Endemol Shine Italy (formerly known as La Italiana Produzioni Audiovisive, Aran and Endemol Italia) is an Italian major television production subsidiary of Banijay Italia, in turn to be owned by the international media group Banijay Entertainment based in Rome. It creates and adapts adapts popular entertainment shows, reality TV, major game shows and scripted drama series for Italian television networks and streaming services.

==History==
Endemol Shine Italy was first established in 1986, when Marco Bassetti had left Mediaset to launch his own production company with politician Stefania Craxi called La Italiana Produzioni Audiovisive in order to produce light entertainment, game shows, talk shows and commercials. Two years later in 1988, Marco Bassetti had renamed his production company to Aran, which then quickly established itself as the leading production company in Italy capable of providing the main TV networks with new programs and content such as sitcoms, soap operas, light entertainment and TV movies.

At the start of January 1998, Dutch entertainment production/distribution company Endemol Entertainment had announced it had taken a 45% majority stake in Milan & Rome-based Italian production studio Aran, marking Endemol Entertainment's first step into the Italian television production market and they had it integrated into its own production subsisidaries and Aran became a subsidiary of Endemol Entertainment, while they had renamed it Aran Endemol and Endemol Entertainment's international dostribution unit Endemol Entertainment International had assumed distribution to Aran's programming internationally. Two years later on March 31, 2000, Endemol Entertainment had taken full control of its Italian production subsidiary Aran Endemol, making it a wholly-owned subsidiary as it coincided with a massive wave of European expansion for Endemol Endemol, including their purchase of a 51% stake in another Italian production company, Palomar, right around the time Spanish multinational telecommunications company Telefónica had brought Aran Endemol's Dutch production & distribution parent Endemol Entertainment in that same year.

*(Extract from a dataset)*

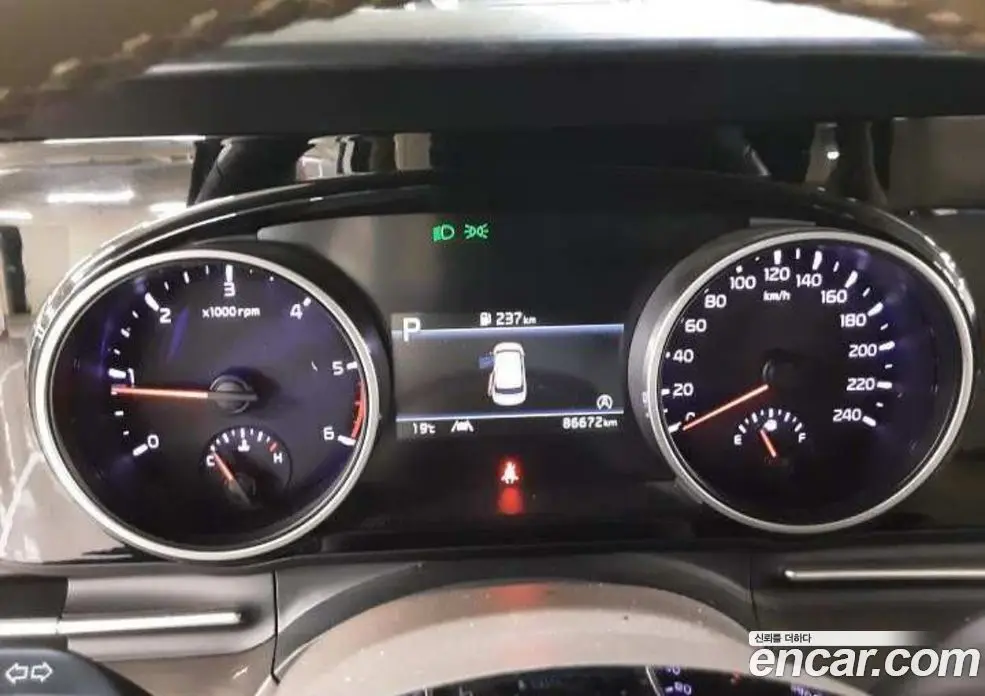 Kia Carnival 2022 2.2 АКПП, фото 7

On October 29, 2008, Endemol Italia had appointed its head of entertainment, Marco Tombolini, to become its COO when its MD Leonardo Pasquinelli had been appointed vice president of Endemol Italia.

In November 2013, Endemol Italia had partnered with Endemol's fellow global digital video network and production studio Endemol Beyond to launch the latter's Italian production office & division within Endemol Italia.

In January 2018, Endemol Shine Italy had appointed former managing director of Banijay Group-owned Magnolia, Leonardo Pasquinelli, to become its CEO of Endemol Shine Italy and it marked his return to the companu after he depatured under its former name Endemol Italia back in 2014 when he was vice president of that time as he returned as the new CEO of Endemol Shine Italy, succeeding Paolo Bassetti who had depatured Endemol Shine Italy.